C'est une telle histoire que la société civile ne veut pas voir se répéter en Tunisie, car tout un chacun peut se transformer en nazi quand il commence à exclure son prochain, l'autre lui-même, et à se présenter comme la seule incarnation de la démocratie. N'est-ce pas ainsi qu'agissait Ben Ali? Et puis, aujourd'hui, nos gouvernements supposés révolutionnaires ne sont-ils pas des complices dudit holocauste en continuant, comme le faisait Ben Ali, à contribuer activement à la politique migratoire inepte de l'Europe?

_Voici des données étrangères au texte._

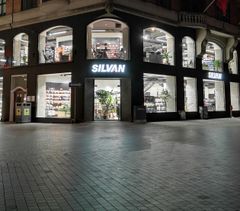 Den 13. august åbner Silvan en ny butik på Kultorvet i hjertet af København, hvor et nyligt lanceret by-koncept præsenteres. Foto: PR.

Que M. Geisser sache que rien ne s'obtient en commençant par faire accroire que tout est dans le meilleur des mondes; il en est d'ailleurs conscient, puisqu'il reconnaît que les islamistes et leurs clones se sont toujours rétractés quand la pression populaire a été trop forte. Aussi, s'il est véritablement pour la révolution, il doit plutôt saluer une telle pression et l'encourager, au lieu de complimenter les tentatives de Nahdha de forcer le passage à ses vues dogmatiques rétrogrades,les présentant comme de la haute voltige politique. Quand je disais qu'on avait une drôle de pensée démocratique chez notre politologue !
À la fin de son interview, affirmant qu'une recomposition des identités politiques est en cours en France autour de la centralité axiologique du paradigme du libéralisme économique dont se distingue la gauche extrême, M. Geisser ne manque pas de décocher des flèches acérées à la gauche tunisienne dont il dénonce une mythique compromission avec le régime de Ben Ali. Ce faisant, il ne fait que prouver encore plus la flexibilité de sa morale politique. En effet, si certaines figures de la gauche tunisienne — dont il cite nommément M. Mohamed Harmel — se sont retrouvées dans l'obligation de s'accommoder avec ce qui leur apparaissait un fait accompli infranchissable, cela était aussi le fait de toute la classe politique, y compris l'actuel président provisoire dont M. Geisser admet qu'il avait la possibilité de circuler entre la Tunisie et son exil.
N'était-ce pas la démonstration de ce réalisme qui n'était pas le moins du monde une compromission; ou alors le jugement sur M. Harmel doit être étendu à M. Marzouki ?Par ailleurs, comment qualifier l'abandon des valeurs supposées être celles d'une vie pour se maintenir au pouvoir ? N'est-ce pas la compromission par excellence avec les tenants d'une conception de la démocratie trouée d'illégalités et d'esprit machiavélique?
Le fond de la question est que notre politologue, tout comme la plupart des penseurs occidentaux, reste marqué par un substrat judéo-chrétien qui est, comme on le sait, à la base de la pensée occidentale. Or, sur la base de ce fonds, on estime que l'islam n'est pas et ne doit pas être en mesure de dépasser un stade de prémodernité. Aussi, la lecture caricaturale qu'en font MM. Ghannouchi et Marzouki est à encourager en étant considérée comme le maximum à attendre pour un islam politique, soit une version frelatée de la démocratie. Cela arrange les intérêts de l'Occident, toujours donneur de leçons, et qui a surtout peur que la démocratie soit refondée en Tunisie, échappant à son contrôle.
Mais le cours de l'histoire ne saurait s'arrêter! La Tunisie qui a su innover en politique avec son coup du peuple modèle ne se satisfera pas d'une sous-démocratie voulue par ses élites de connivence avec un Occident arrogant, oublieux de ses propres valeurs. Elle saura leur imposera une «postdémocratie» en phase avec l'époque postmoderne qui a signé la mort de la Modernité occidentale telle qu'on l'a connue. Aucun sociologue compréhensif digne de ce nom ne dira autre chose aujourd'hui quoi que puissent raconter, dans des interviews de commande, des politologues relevant d'un paradigme fini.